"So let me get this straight," Dean says, one hand on the steering wheel and the other waving in Sam's general direction. "You, Mister Coulrophobia, willingly volunteered to hunt a clown? And not just any clown, oh no, a possibly supernatural clown. Did I get that right?" Elizabeth, sprawled out across the backseat, is laughing too hard to give an answer.
"Yeah," Sam nods. "It's not a big deal."
"Dude," Elizabeth wheezes. "Not a big deal? Tell that to the poor clown Bobby hired for your fifth birthday. You punched the guy in the kneecaps."
"That's all I could reach." She laughs harder, toppling off the seat and into the floorboard like luggage. She doesn't even care at this point, running on three hours of sleep and caffeine. "Could you focus, Liza?"
"And-and you remember that place John and Dean dropped us off at when we were kids? The Chuck E Cheese knock-off."
"We agreed never to talk about that place!" Her side is beginning to hurt and she's not sure if it's from laughing for so long or the half empty bottle of Mountain Dew that she landed on.
"I thought you loved that place," Dean says.
"I hated that place."
"Nah, but you wouldn't shut up about it for days afterwards."
"Because I was traumatized. Dude, I was surrounded by clowns, some birthday boy puked in the ball pit, and Elizabeth stabbed another girl with a fork." The car swerves for a second, making the plastic bottle dig a little harder into Elizabeth's ribs. She pulls herself up in time to catch the incredulous look Dean's throwing her.
"You stabbed a girl?"
"Well, yeah," she shrugs. "The little asshole tried to bully me into giving her all my prizes." Dean arches a brow and Elizabeth can practically read the words disappointed boyfriend stamped across his forehead.

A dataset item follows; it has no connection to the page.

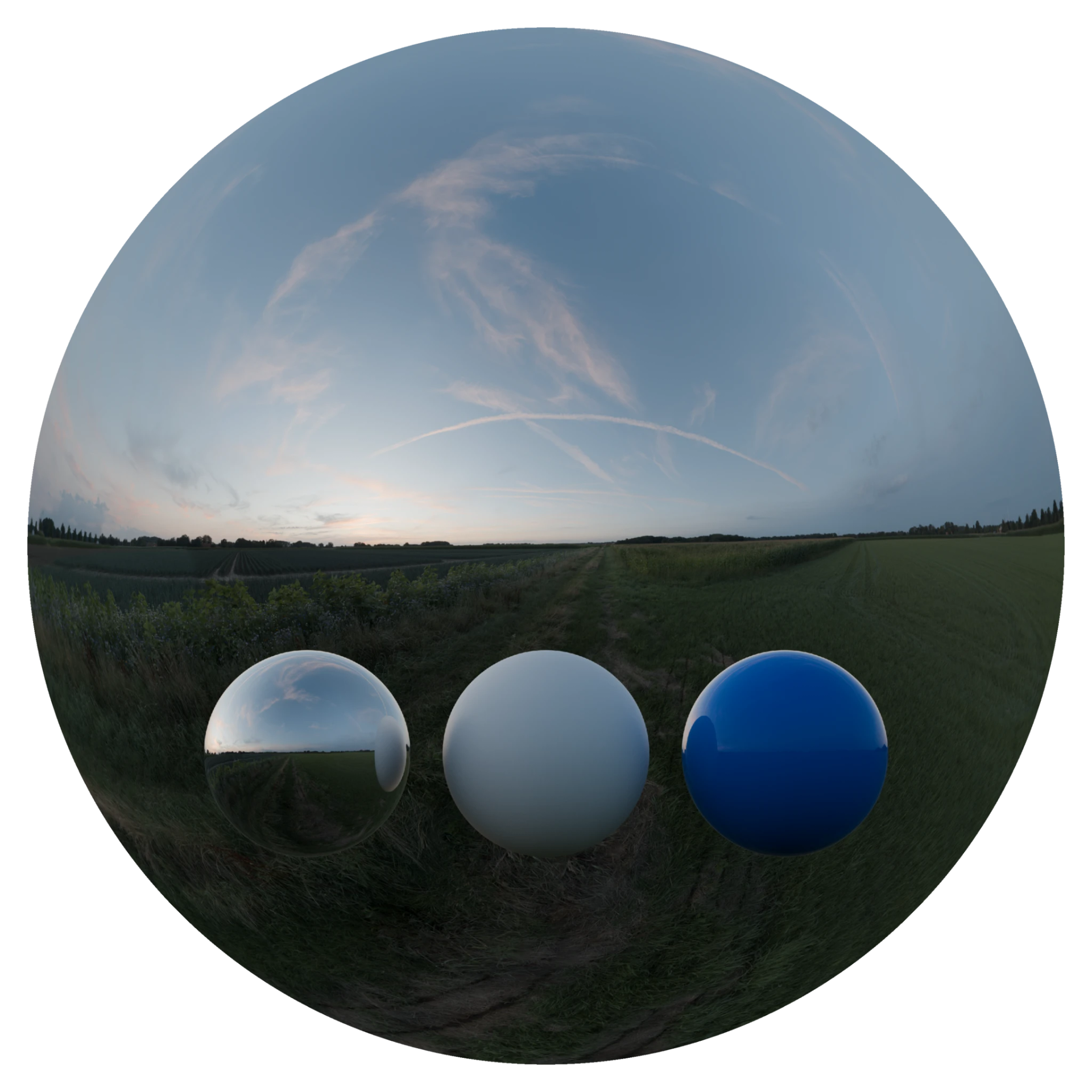Evening Sky HDRI 035 A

"In her defense, the girl was older and a lot bigger," Sam says.
"I should've taken a page out of Sammy's book and went for her kneecaps."
"I'll sit on you."
"I'll bite you—"
"Alright, back to the case details," Dean interrupts. Elizabeth and Sam narrow their eyes at each other, daring the other to be the first to back down. Elizabeth's eyes are starting to water from the staring match when she suddenly gets a hand to the face. It's not rough, Dean uses just enough force to push her back in her seat. "Details or we go back to Bobby's."
"Apparently the murdered couple and their daughter went to a carnival before they were, well…. Murdered," Sam says.
"Carnival got a name?"
"The Cooper Carnival."
"And what makes you think this dude isn't some sick twist in a clown suit?"
"Cops have no leads and all the employees were tearing the carnival down to move on the next morning. Alibis all around."
"Carnies stick together," Elizabeth says, rubbing her sore ribs. "It'd be like if someone tried to go after one of us; the other two would always be there to bail 'em out." Sam grunts and nods, focusing the beam of his flashlight on the manilla folder Ellen had given him. "Maybe this guy really is human. If he is, that means we can shoot him in the dome and then burn him."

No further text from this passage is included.